В трубке снова что-то затрещало.
– Пап, у тебя что-то случилось? – немного взволнованно спросила Лена. Теперь она ни на секунду не сомневалась в том, что это ее отец. – И вообще, тебя очень плохо слышно!
– Хватит! – бесцеремонно перебил ее Борис Евгеньевич. – Напрягись и слушай меня внимательно. Я специально звоню из автомата. Все мои телефоны на прослушке. Короче, в стране беда. Слышишь, дочка, большая беда! Союз под угрозой. Через час я лечу в Москву. И все это благодаря этой гребаной перестройке и демократии! Горбачев заблокирован в Форосе. Дача Ельцина окружена. Правда, он пока на свободе. Но его наши боятся больше, чем Горбачева. Он непредсказуем. Знаешь, каких дел он может натворить!
– Папа, ты не шутишь? – Голос Лены дрожал от волнения. – Это же огромный риск.
– Не переживай! Мы все предусмотрели. В Москву едут около четырехсот танков! КГБ, «Альфа», дивизия Дзержинского тоже на нашей стороне. Что будет дальше, не знаю. В Киеве тоже неспокойно. Сегодня вечером к нам прилетает представитель новой власти – Варенников. Боевой генерал, прошедший Отечественную и Афганскую войну, он быстро здесь всех в чувства приведет. ЦК раскололся. Кравчук пока выжидает, молчит. На стороне новой власти Гуренко, Санин, Палладин. Я, как и многие наши однопартийцы, тоже в этом ряду. Я не могу предать своих идеалов! Я ради этого, дочка, жил! Партия для меня все! Ты согласна со мной?
– Не знаю, – задумчиво прошептала Лена. То, что она услышала, повергло ее в шок.
– Дура! – взвился отец. – Понимаешь, еще чуть-чуть – и великая, огромная страна превратится в руины. Если мы подпишем Союзный договор, мы разрушим страну. Почти все республики хотят выйти из состава Союза! Независимости все захотели! Запомни: ветвь, вздумавшая отделиться от ствола дерева, обречена на высыхание! Мы не должны этого допустить.
Отец на минуту замолчал.

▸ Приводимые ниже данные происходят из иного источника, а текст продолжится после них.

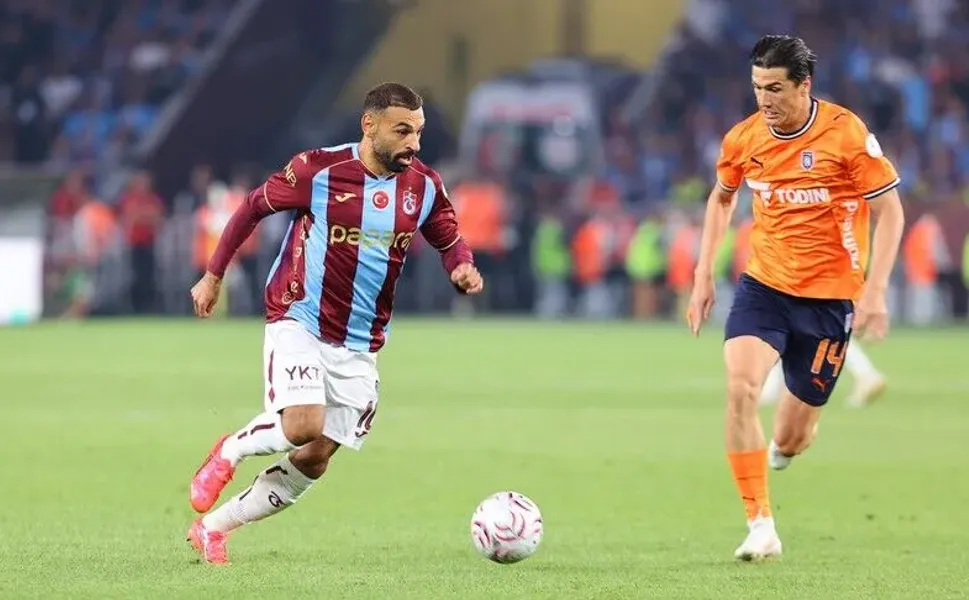 Salah coştu! Trabzonspor, Başakşehir'i devirdi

Сквозь автомобильный шум было слышно его тяжелое, прерывистое дыхание.
– Почему ты молчишь? – вкрадчиво поинтересовалась девушка.
– Дочка, – как-то тихо, обреченно пробормотал Бондаренко. – Я чего звоню? Думаю, сегодня вечером или завтра утром вся страна узнает о том, что произошло. Но ты пока… понимаешь, ты это… никому!

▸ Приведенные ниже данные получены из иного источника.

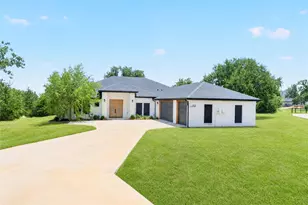 4013 Legend Trl, Granbury, TX 76049 - Photo 31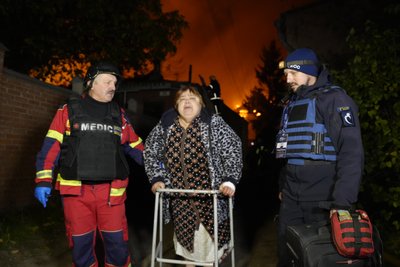 Евакуація маломобільної жительки з місця пожежі в Основ'янському районі Харкова 27 жовтня 2026 року Евакуація маломобільної жительки з місця пожежі в Основ'янському районі Харкова 27 жовтня 2026 року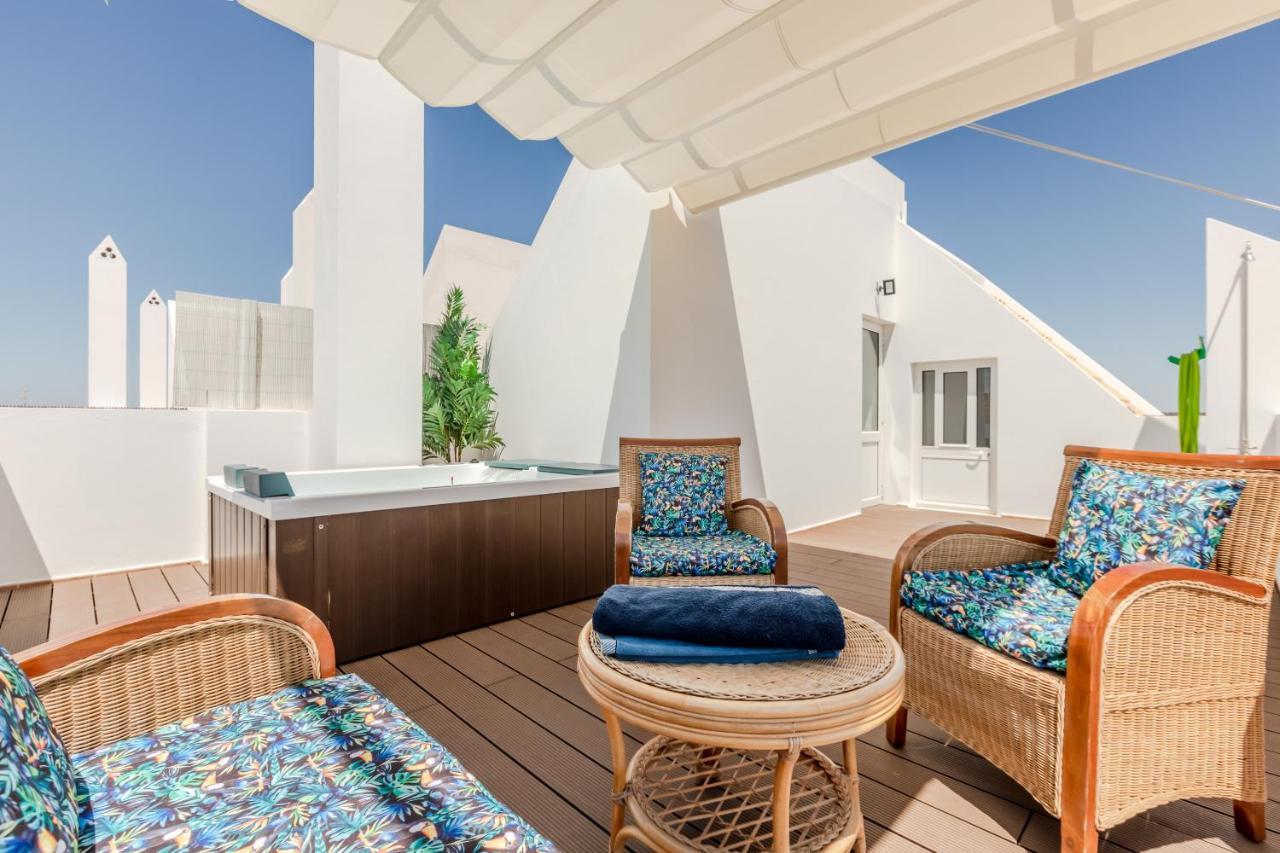 Seascape Villa Private Pool & Rooftop Jacuzzi With Sea View Near Manta Rota Beach 빌라노바데카셀라 외부 사진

– Угу, – испуганно протянула Лена.
– Так вот, если со мной что случится… – Отец замялся и снова засопел в трубку. – Всякое может быть! Можешь смело говорить о наших разногласиях. О том, что ты не поддерживала моих позиций. Если мы проиграем, передачи носить тебе не придется.
– Пап, да ты что? – возмущенно выкрикнула она. – Не смей так говорить! Думаю, все будет хорошо. Ты только себя береги! И, пожалуйста, позвони мне или маме, хотя бы два слова скажи. Дай о себе знать. Хорошо?
– Хорошо, – тяжело выдохнув, ответил Борис Евгеньевич. – Позвоню. А ты к матери зайди, проведай ее, успокой. А то не дай бог давление у нее подскочет. Короче, я надеюсь на тебя. Пока!
– Пока, – задумчиво ответила Лена и положила трубку.
Всю ночь Лена не спала. Ворочаясь с боку на бок, она не могла найти себе места. Больше всего она переживала за отца. Прилетев в Москву, он, правда, перезвонил. Отчитался, что долетел нормально, и все. Как и обещала, вечером вместе с Наткой Лена пошла к маме. Оксана Андреевна была очень плоха. Закрыв глаза, она даже не хотела говорить. Сказала лишь, что боится за отца. Что он очень рискует и может все потерять. Так и не успокоив мать, Лена вернулась домой. Вовы дома еще не было. Пришел он поздно и сказал, что еще утром все знал. Включив телевизор, они ни на минуту не отходили от экрана, ждали новостей. Но, кроме «Лебединого озера», там ничего не показывали.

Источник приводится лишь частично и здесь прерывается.